On the wall behind him was a portrait of Peregrine Bertie, the Duke of Ancaster and Kesteven, whose 18th-century wig bore more than a passing resemblance to Mr Wilders’s hairstyle. The duke’s expression remained calm throughout, a remarkable feat, considering the events which unfolded in front of him.

According to the Daily Telegraph, about 200 protesters gathered outside parliament, but compared to the marches and protests we’re used to having in London, that’s a pretty insignificant number.

Kenan Malik, also in the Independent, had it right when he wrote:

I despise Geert Wilders. I loathe his populist anti-immigration rhetoric. I despair of his tirades against Muslims.

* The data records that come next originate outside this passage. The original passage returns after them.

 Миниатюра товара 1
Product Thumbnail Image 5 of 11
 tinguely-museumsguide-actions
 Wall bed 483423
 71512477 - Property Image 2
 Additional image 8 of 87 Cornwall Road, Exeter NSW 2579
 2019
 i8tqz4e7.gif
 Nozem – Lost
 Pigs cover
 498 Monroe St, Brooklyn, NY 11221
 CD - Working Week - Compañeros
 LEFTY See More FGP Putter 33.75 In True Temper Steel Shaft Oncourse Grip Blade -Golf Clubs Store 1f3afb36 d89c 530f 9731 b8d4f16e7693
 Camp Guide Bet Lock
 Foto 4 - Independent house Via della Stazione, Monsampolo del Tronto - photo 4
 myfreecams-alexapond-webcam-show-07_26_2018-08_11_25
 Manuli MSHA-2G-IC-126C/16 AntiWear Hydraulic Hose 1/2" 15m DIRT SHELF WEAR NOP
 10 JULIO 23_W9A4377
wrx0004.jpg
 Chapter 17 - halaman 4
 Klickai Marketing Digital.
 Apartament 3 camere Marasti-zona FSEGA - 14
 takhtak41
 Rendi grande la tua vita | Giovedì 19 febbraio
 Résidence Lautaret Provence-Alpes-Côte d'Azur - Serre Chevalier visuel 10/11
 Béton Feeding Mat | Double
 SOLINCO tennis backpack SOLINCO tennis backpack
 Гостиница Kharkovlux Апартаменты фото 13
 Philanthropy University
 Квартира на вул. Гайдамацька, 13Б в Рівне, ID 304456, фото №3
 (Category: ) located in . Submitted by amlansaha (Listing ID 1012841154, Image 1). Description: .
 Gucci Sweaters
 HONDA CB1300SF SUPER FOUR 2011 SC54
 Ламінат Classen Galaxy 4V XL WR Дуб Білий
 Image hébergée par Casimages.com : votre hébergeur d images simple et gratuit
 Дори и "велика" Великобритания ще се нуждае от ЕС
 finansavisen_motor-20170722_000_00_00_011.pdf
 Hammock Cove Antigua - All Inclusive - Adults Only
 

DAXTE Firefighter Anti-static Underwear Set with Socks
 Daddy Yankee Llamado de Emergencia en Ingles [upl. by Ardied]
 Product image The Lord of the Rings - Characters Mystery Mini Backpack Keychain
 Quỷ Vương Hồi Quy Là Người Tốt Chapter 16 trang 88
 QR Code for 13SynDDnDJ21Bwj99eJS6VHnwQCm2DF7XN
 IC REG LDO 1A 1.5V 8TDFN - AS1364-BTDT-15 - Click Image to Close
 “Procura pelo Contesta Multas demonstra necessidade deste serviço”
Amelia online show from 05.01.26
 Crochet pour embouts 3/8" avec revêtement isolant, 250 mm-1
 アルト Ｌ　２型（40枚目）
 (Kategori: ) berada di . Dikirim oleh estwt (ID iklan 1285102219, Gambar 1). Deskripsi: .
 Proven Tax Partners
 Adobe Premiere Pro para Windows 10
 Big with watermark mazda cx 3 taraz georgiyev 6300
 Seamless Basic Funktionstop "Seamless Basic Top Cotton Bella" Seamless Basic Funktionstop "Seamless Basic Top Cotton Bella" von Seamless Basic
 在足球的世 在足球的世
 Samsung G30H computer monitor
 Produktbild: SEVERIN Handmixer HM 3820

I find his film obnoxious.

But I also think that he has every right to be as crude and as loathsome as he wants to be. He should be free to be as rude about me and my beliefs — indeed, about anybody’s beliefs — as I am about him and his. That is the essence of robust political debate in a plural society.

It is precisely when people hear what Wilders has to say that they can draw the conclusion that he is crude and loathsome. Or, in the case of his host, Lord Pearson of Rannoch, just plain silly. Here is Lord P’s sage contribution to the debate: “To get these subjects discussed you have to sometimes be a little bit naughty, you have to sometimes say things like ‘ban the burqa’.”

The other day I came across the following quotation from Thomas Jefferson in Ian Buruma’s new book, Taming the Gods: Religion and Democracy on Three Continents, which struck me as apt:

They have made the happy discovery that the way to silence religious disputes is to take no notice of them.

It is easy and understandable to be outraged by a man such as Wilders, and were he to stand a chance of high office here, as he may in Holland, we would be right to be very worried about him, too. I’m rather glad, however, that this time so few people have taken any notice of his visit.

Sometimes the silence of the majority can speak far more eloquently than the righteous anger of the crowd.